Kabar JKPP

Menuju Kedaulatan Rakyat Atas Ruang

Kebijakan Satu Peta dalam Kebijakan dan Implementasi

abet nego bersama Jokowi_ foto: detik.com[Kabar JKPP Edisi 21]
Pasca diundangkannya Perpres No. 9 Tahun 2016 Tentang Percepatan Pelaksanaan Kebijakan Satu Peta Pada Tingkat Ketelitian Peta Skala 1:50.000 pada tanggal 4 Februari 2016, beberapa target telah ditetapkan serta pelaksanaanya telah ditindaklanjuti oleh Badan Informasi Geospatial melalui beberapa kebijakan. Keputusan BIG No. 13 Tahun 2016 tentang Kelompok Kerja Nasional Geospasial Tematik pada tanggal 24 Maret 2016. Dimana lembaga ini melibatkan hampir seluruh Kementerian Lembaga yang memiliki kewenangan dalam pemetaan dan penataan ruang serta instansi pendidikan dan organisasi masyarakat sipil.

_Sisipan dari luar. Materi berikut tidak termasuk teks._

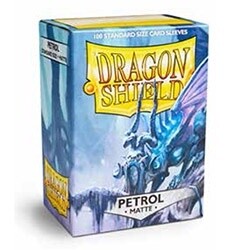 Dragon Shield Sleeves/ Standard: Matte Petrol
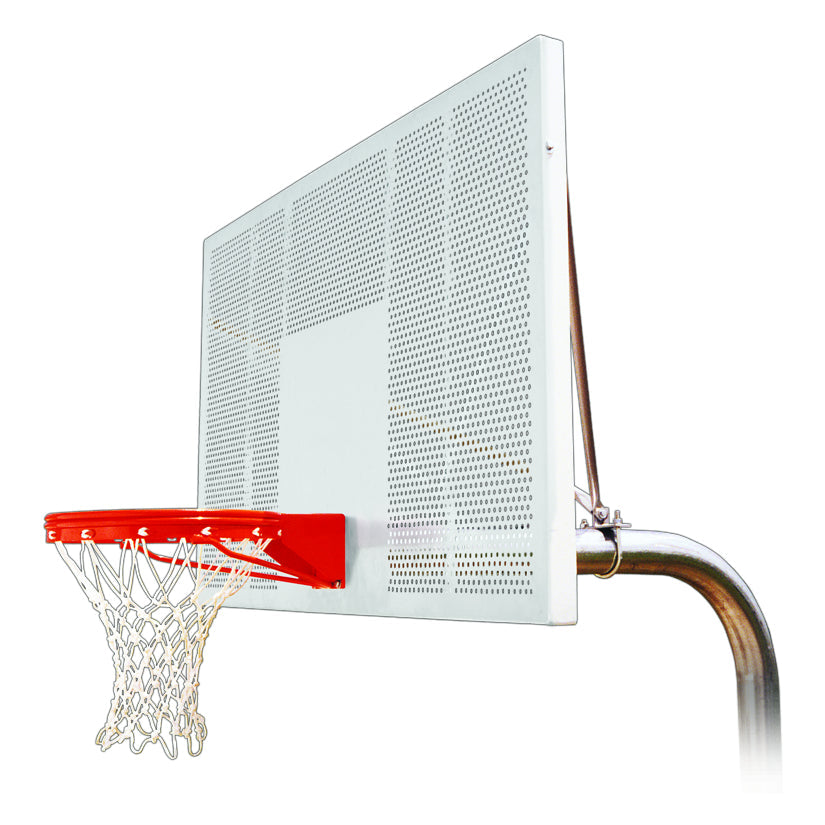 First Team Ruffneck intensity In Ground Basketball Goal - 42"x72" Aluminium
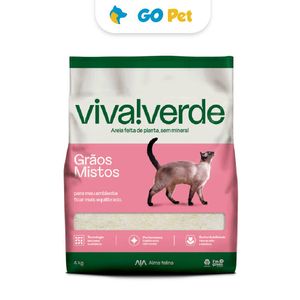 Arena Viva Verde Granos Mixtos 4 Kg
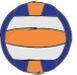 Stock Tri-tone Volleyball Mascot Chenille Patch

Dimana sebelumnya, telah ada Keputusan BIG No. 54 Tahun 2015 Tentang Walidata Informasi Geospasial Tematik. Hal ini semua merupakan aturan turunan dari UU No. 4 Tahun 2011 tentang Informasi Geospasial. Melalui undang-undang inilah semangat untuk membangun suatu sistem informasi geospasial yang penyelenggaraannya dilaksanakan dengan tertib, terpadu, berhasil guna dan berdaya guna untuk menjamin keakuratan, kemutakhiran dan kepastian hukum penyelenggaraan informasi geospasial.

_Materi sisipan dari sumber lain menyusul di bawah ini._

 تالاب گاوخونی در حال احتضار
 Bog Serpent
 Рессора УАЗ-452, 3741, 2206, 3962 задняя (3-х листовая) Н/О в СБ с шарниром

Dalam pemerintahan Presiden Joko Widodo, sebuah Lembaga dibentuk untuk membantu Presiden dalam menjalankan program-program prioritasnya. Kantor Staf Presiden adalah sebuah Lembaga yang berperan untuk mengakselerasi program-program prioritas Presiden. Pada hari Senin 3 Oktober 2016, Tim dari Kabar JKPP mewawancarai Abetnego Tarigan selaku salah satu Tenaga Ahli Utama Kedeputian Bidang Kajian dan Pengelolaan Isu-isu Sosial, Budaya, dan Ekolosi Strategis. Berikut adalah petikan wawancara:

Bagaimana Kantor Staf Presiden melihat Kebijakan Satu Peta dalam penyelesaian Isu Sosial Budaya dan Ekologis?

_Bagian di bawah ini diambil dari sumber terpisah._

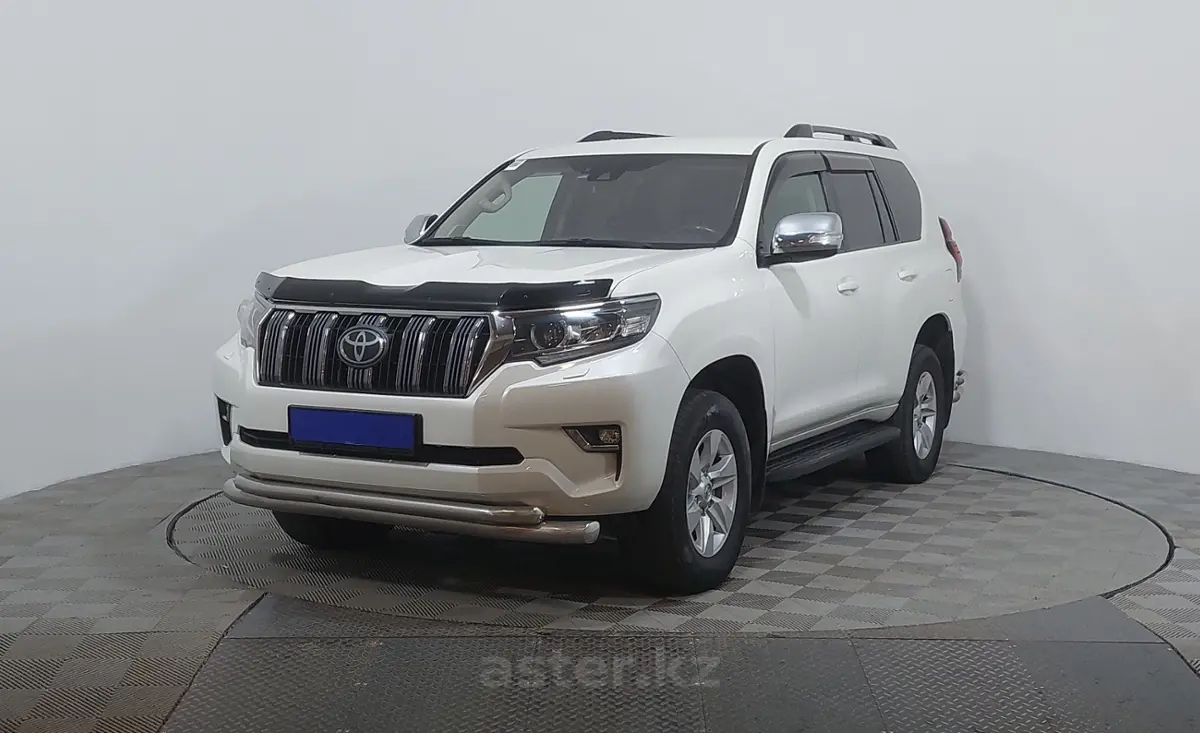 2020 Toyota Land Cruiser Prado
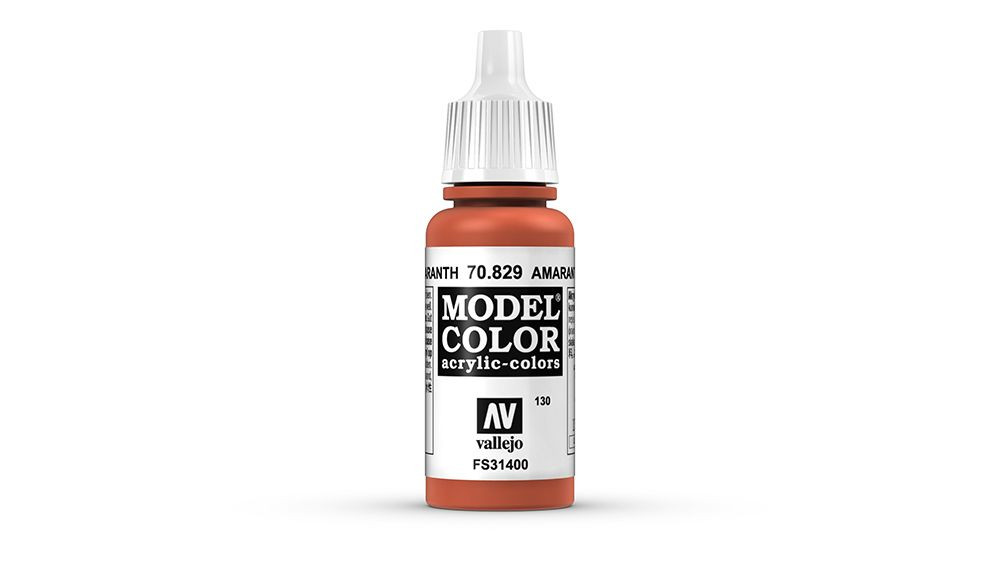 AV Vallejo Model Color 17ml - Amarantha Red (VAL829)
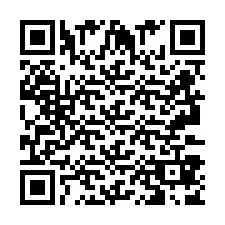 Código QR para número de telefone +2693387854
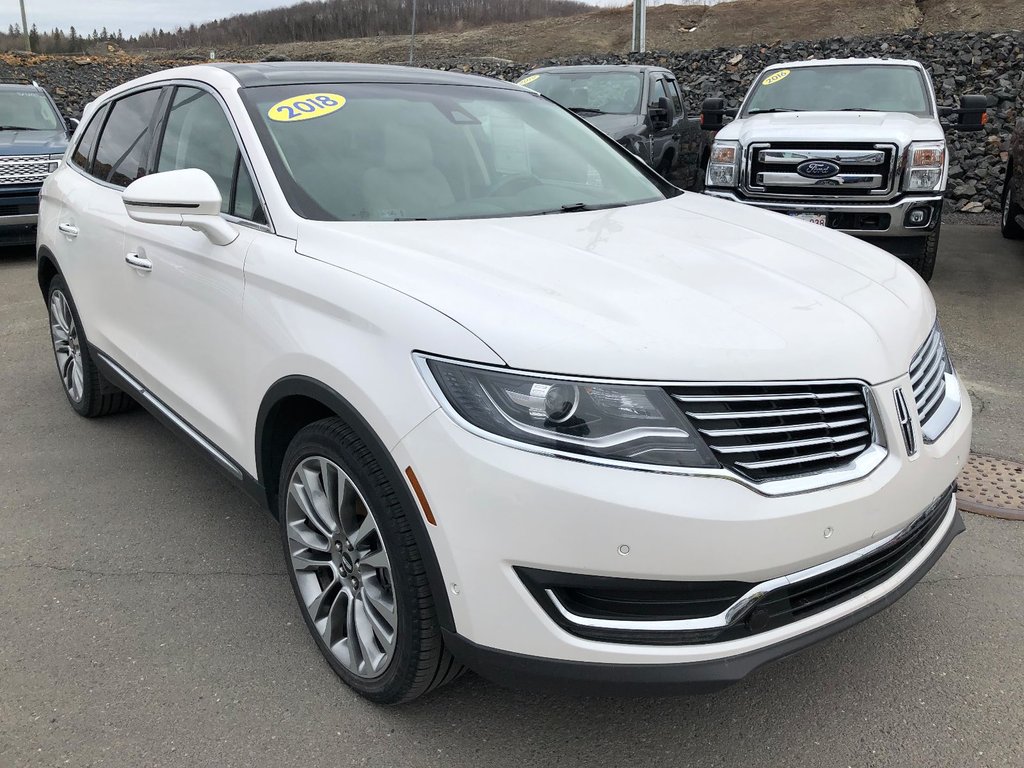Lincoln mkx 2018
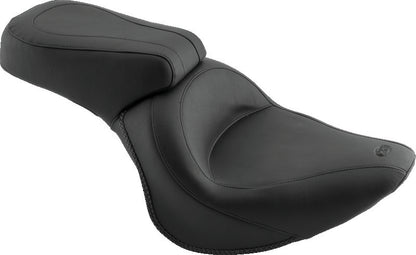 Mustang Motorcycle Mustang 06-17 Harley Softail Wide Tire (200mm) Standard Touring 1PC Seat - Black 76400 76400 Photo - Primary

Kita dapat melihat latar belakang dalam pengambilan kebijakan prioritas Presiden belakangan ini. Presiden awal tahun mengeluarkan Perpres terkait dengan Badan Restorasi Gambut. Terdapat lebih kurang dua juta hektar kawasan-kawasan gambut yang perlu direstorasi. Selain itu, lokasi yang akan direstorasi ini diperkirakan berada di kawasan yang berizin. Bagaimana restorasi bisa berjalan kalau problem perizinannya itu tidak dibereskan. Selain itu, akan berkonsekuensi juga pada penegakan hukum. Apakah wilayah-wilayah yang dipetakan itu memang diakui atau tidak oleh otoritas atau lembaga yang mengeluarkan izin itu atau jangan-jangan berbeda. Kita bisa lihat melalui proses-proses pemetaan bagaimana tumpang tindih itu menciptakan hambatan-hambatan. Jadi, harus dibenahi terlebih dahulu  perizinannya baru bisa di restorasi. Karena kalau tidak akan menciptakan problem hukum baru. Ini satu contoh bagaimana kami melihat pentingnya Kebijakan Satu Peta.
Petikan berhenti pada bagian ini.